[TASK TO CARRY OUT]
Give back all of the data exactly, with every picture omitted.

[COLLECTED DATA]
Start of Block
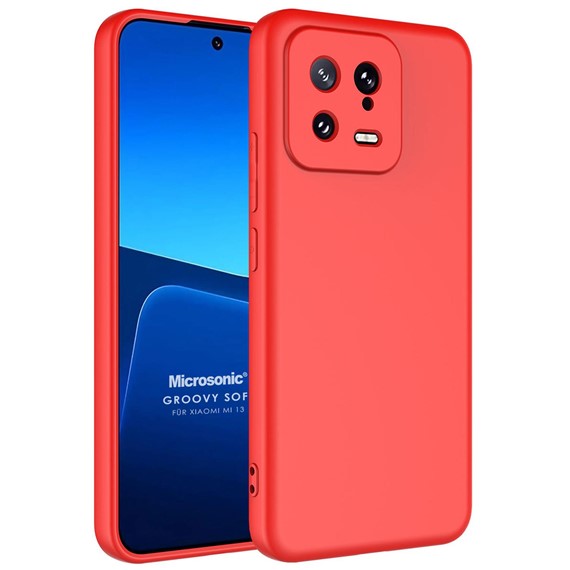 Microsonic Xiaomi Mi 13 Kılıf Groovy Soft Kırmızı 1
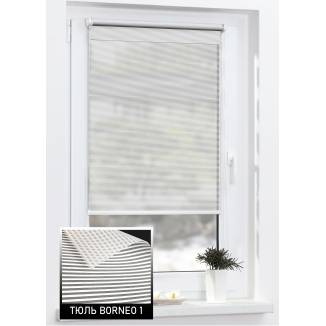 Тканинні ролети Тюль Borneo 1 білий
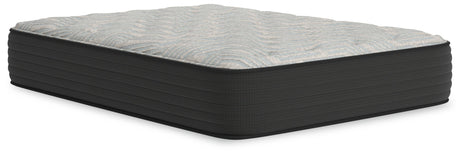 Palisades Plush Gray/Blue Queen Mattress by Ashley at Eve Furniture
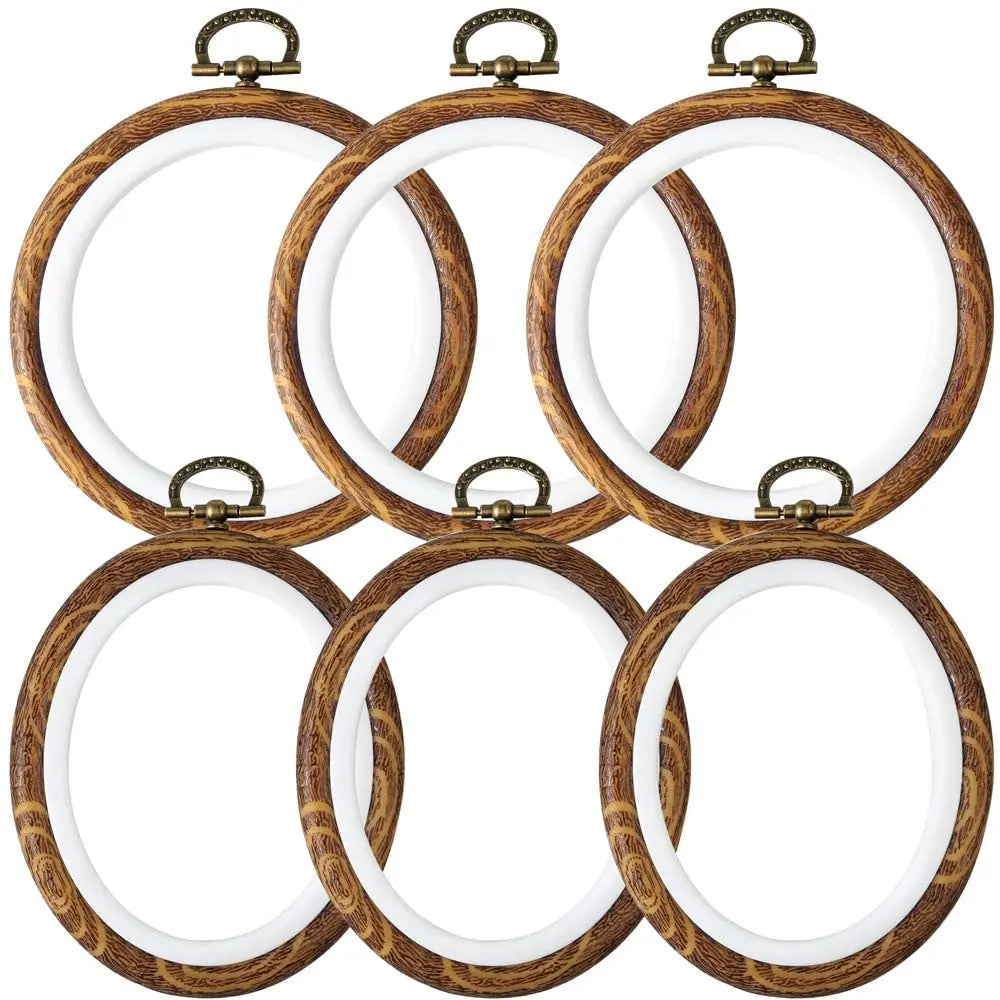 Display Frame Circle for Art Craft Sewing Christmas Round and Oval Embroidery Hoop MegaBDM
End of Block
[WRITTEN RESPONSE]
 Microsonic Xiaomi Mi 13 Kılıf Groovy Soft Kırmızı 1
 Тканинні ролети Тюль Borneo 1 білий
 Palisades Plush Gray/Blue Queen Mattress by Ashley at Eve Furniture
 Display Frame Circle for Art Craft Sewing Christmas Round and Oval Embroidery Hoop MegaBDM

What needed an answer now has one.